Germemiz gereken bir konuya da değinelim:
Türk halkı genellikle ithal ürünlere karşı soğuk bakıyor. İthal et ürünleri daha düşük fiyata satılmasına karşın, yine de yerli et ürünlerini tercih ediyor. Diğer ithal edilen tarım ürünlerinde de aynı duyarlılığın gösterildiğini görmekteyiz.
Üretim alanlarındaki daralma, üretimi düşürdüğü gibi, tarım alanındaki işsizlerin de çoğalmasına neden oluyor. Özellikle tütün ve şeker yasaları ile üretim alanları daraltılan ve emek yoğun söz konusu ürünlerde 400 bin üretici aile 270 bin civarına indi. Geri kalanlar ya mevsimlik işçi ya da işsiz oldu. Zeytin desteklendiği için zeytin ağacı sayısı arttı ancak bizde özellikle 1960 yıllardan itibaren margarin desteklendi. Son hazırlanan zeytin yasası ile de şimdi zeytinlikler maden arama şirketlerine verilmek isteniyor.
Tarım Bakanlığı verilerine göre, Türkiye’nin 2014 sonu itibarıyla tarım ihracatı 18 milyar 759 milyon dolar, tarım ithalatı ise 18 milyar 58 milyon dolar. Yani neredeyse başa baş. Ancak Türkiye fındık, üzüm ve incir gibi ürünlerde dünya ölçeğinde önemli hatta lider ülke. Dış ticarette baz alınması gereken ürünler temel gıda ürünleri yani et, buğday ve yağ… Ziraat Mühendisleri Odası verilerine göre Türkiye son üç yılda temel gıda ürünlerine 58 milyar dolar ödedi ve buna içinde bulunduğumuz yıl dahil değil…
Hayvancılık maliyetinin yüzde 60-70’inin yem olduğu biliniyor. Türkiye’nin yem üretimi 9 milyon ton. Gereksinim ise 14 milyon ton. 5 milyon ton açık var. Karma yem üretimi yüzde 50 ithal hammaddelere bağlı. Bu açık ne yazık ki genetiği değiştirilmiş GDO’lu mısır ve soya ile karşılanıyor.
Kaba yem üretimi de 59 milyon ton. Buradaki gereksinim de 74 milyon ton. Açık 15 milyon ton. Çünkü kaba yem ihtiyacı olan meralar korunmak yerine amaç dışı kullanılıyor. Hayvancılığı gelişmiş ülkelerde meraların korunduğu, artırıldığı bir gerçek olarak karşımıza çıkıyor.
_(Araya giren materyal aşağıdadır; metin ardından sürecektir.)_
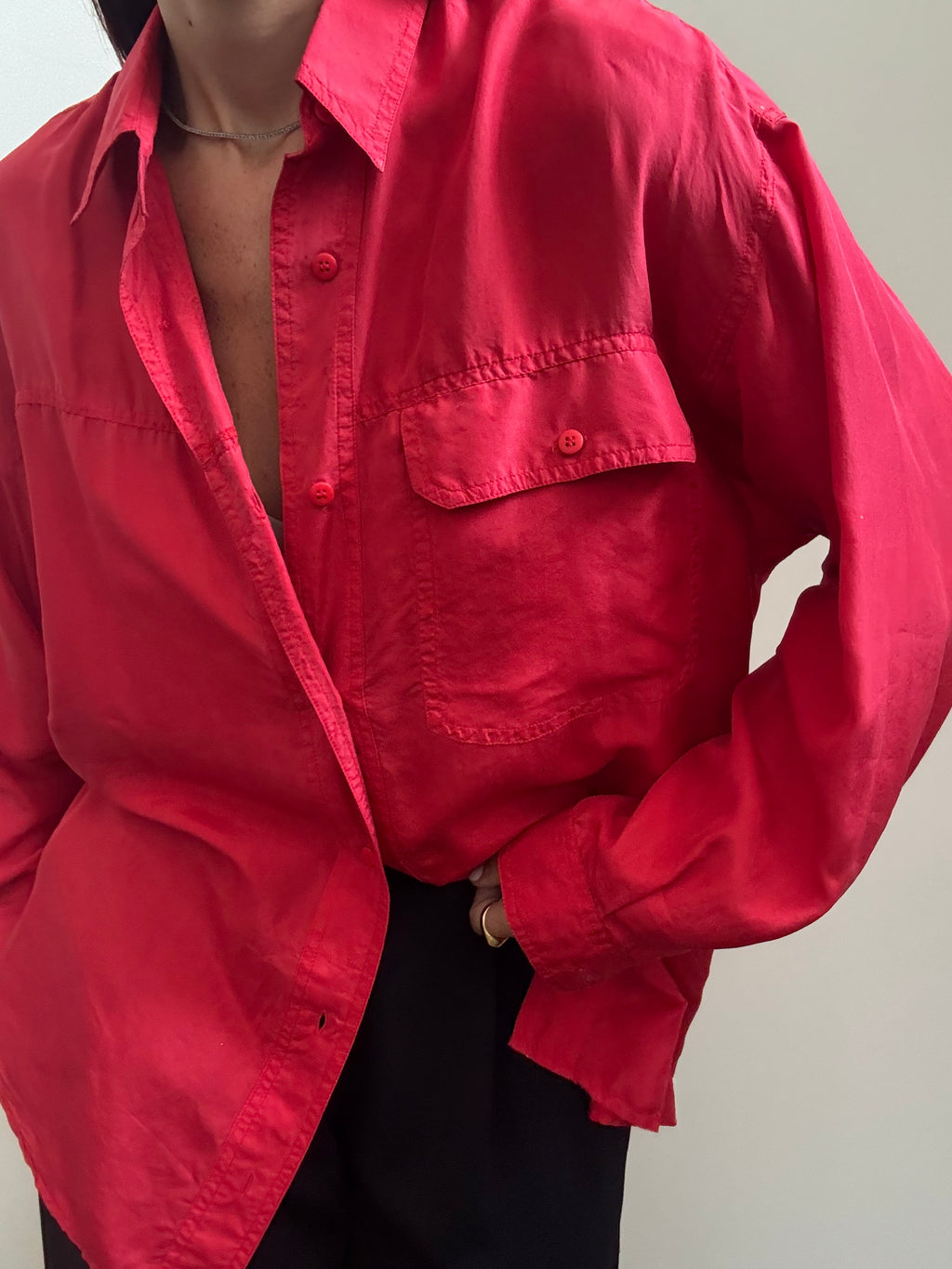 Vintage Red Silk Button Up Blouse Size Medium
Hollanda’yı buna somut bir örnek olarak gösterebiliriz.
Bu durumda ortaya çıkan tablo pek de parlak sayılmaz. GDO’lu yemle beslenen hayvanların ürünleri için “sağlıklı” denilebilir mi? Doğal yolla beslenen hayvanların eti ile GDO’lu yemle beslenen hayvanların etleri arasında çok önemli farklılar ortaya çıkıyor.
Bu durum ette olduğu kadar süt ve süt ürünlerinde de kendisini gösteriyor.
Besiciler, Bakanlıktan yem konusunda destek istiyor. Sürekli olarak gündeme getirilen bu konuda bugüne kadar tatmin edici bir uygulamanın olmadığını da söylüyorlar.
Hayvancılık desteklenmediği süre içinde yapılan et ithalatının besiciliğe darbe vurduğunu görüyoruz. Kaldı ki, ithal edilen etler fiyatları düşürmediği gibi et fiyatlarını fırlatıyor. Bugün, dünyada kırmızı eti en pahalı yiyen birkaç ülkeden biri haline gelmiş durumdayız.
Çiftçinin desteklenmesi kaçınılmazdır.
Tarım sektörü temsilcilerinin bu konudaki görüşlerini de özetleyelim:
“2003-2015 döneminde ithalata 400 milyar, desteğe 79 milyar ödeme yapıldı. Tarım Kanunu hükmü uyarınca hükümetin çiftçiye 50 milyar TL borcu vardır. Zira 2006’da çıkarılan Tarım Kanunu’nun 21. madde hükmüne göre her yıl GSMH’nin yüzde 1’ini tarım desteği olarak vermesi gerekiyordu. Ancak, hükümet kanun hükmüne rağmen çiftçiye vermesi gereken desteğin yaklaşık yarısını ödedi. Çiftçinin 50 milyar TL’sine el koydu. Eğer üretimde çoğalma, tarım alanlarında zenginlik isteniliyorsa çiftçi teşvik edilmeli, primlerle ödüllendirilmelidir. Bu aynı zamanda tarım alanında iş shalarının artmasına neden olacak, işsiz sayısında azalmalara da yol açacaktır.”